At the same time, Representative Craig was deeply immersed in the rollout of the Affordable Care Act, implementing its measures for her own staff and tracking the results.
“I saw the good things it brought about, and I saw some of the bad policy from it,” Representative Craig said. “Then it occurred to me I could make a bigger impact on the policy as a legislator. It’s about taking the challenges you have and turning them into opportunities to advocate for what you believe in.”
So, Representative Craig launched a bid to represent Minnesota’s Second Congressional District. She lost that first bid by fewer than 7,000 votes. She sought a rematch in 2018 and won.
She’s focused on reducing the cost of health insurance, including premiums and out-of-pocket costs, as well as lowering the actual costs of health care. And she’s adamant: she’ll work with anyone in Congress to get it done.
“Neither party benefits when members don’t work together,” she said. “I’ve advocated for Democrats and Republicans to work together again in this country. I’ve gotten myself in trouble before with the Democratic party and the Speaker of the House, but if it’s the right policy, I don’t really care which side of the aisle it’s on.”
The current coronavirus pandemic has only strengthened her commitment.

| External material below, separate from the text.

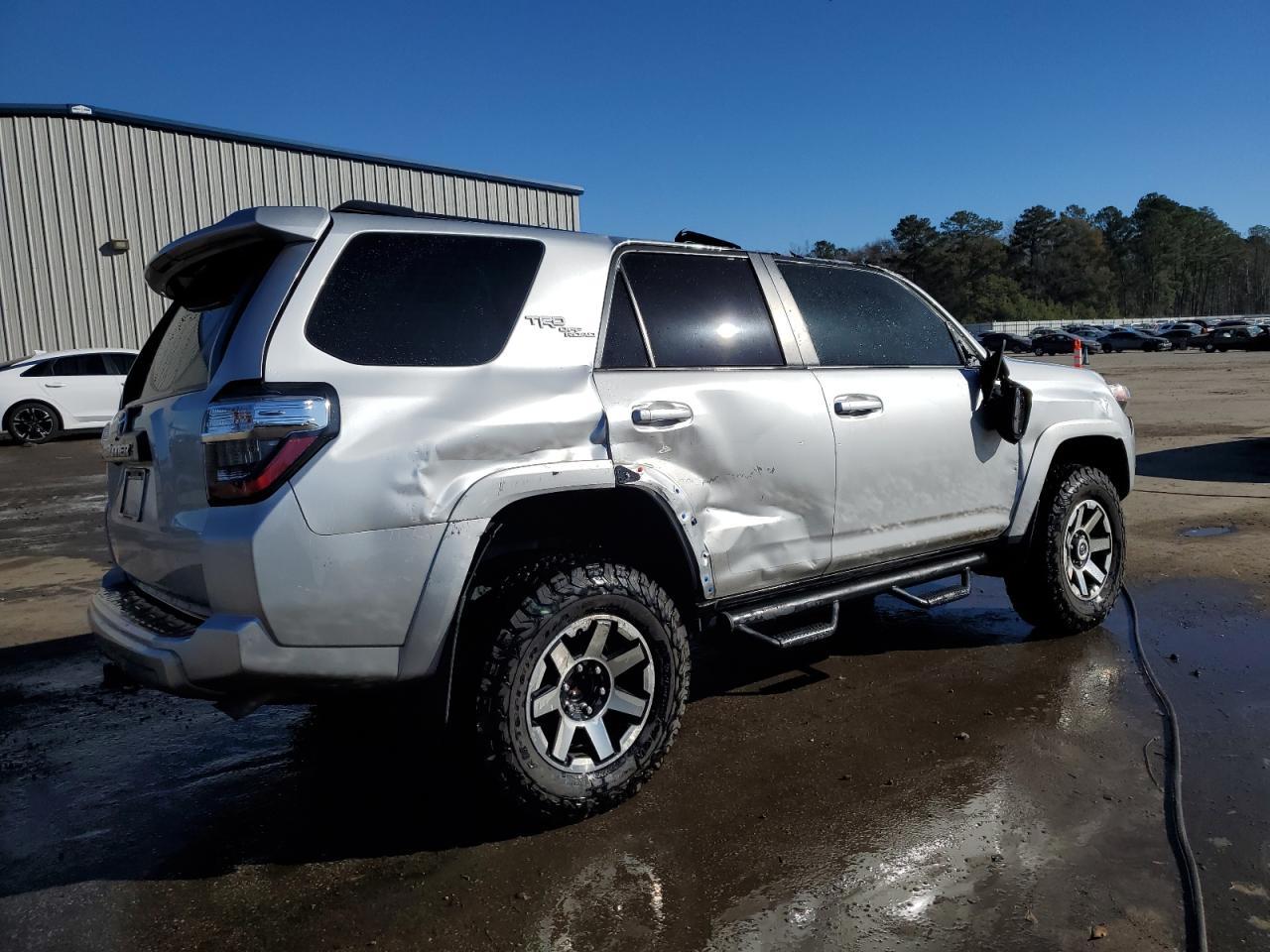 2022 TOYOTA 4RUNNER SR - Image 3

“It’s accelerated my commitment to figuring out how we get to universal health care,” she said. “I’m resolved even more to help us transition to a world in which everyone has access to a basic level of health care, but where the unintended consequences of that move don’t shut down innovation.”
In that pursuit, Representative Craig has honed in on addressing problems with fee-for-serve payment models; ensuring the survival of rural hospitals; stabilizing the medical supply chain; and promoting a more comprehensive strategy on diagnostic testing for COVID-19.
All this work hinges on collaboration.
“Industry has got to be able to collaborate with our government agencies,” she said. “Progress requires tremendous collaboration.”
Progress also requires some humanity.
“Getting to know one another on a human level is so important,” she said. “If we get to know each other on a human level, we’re going to be a better country.”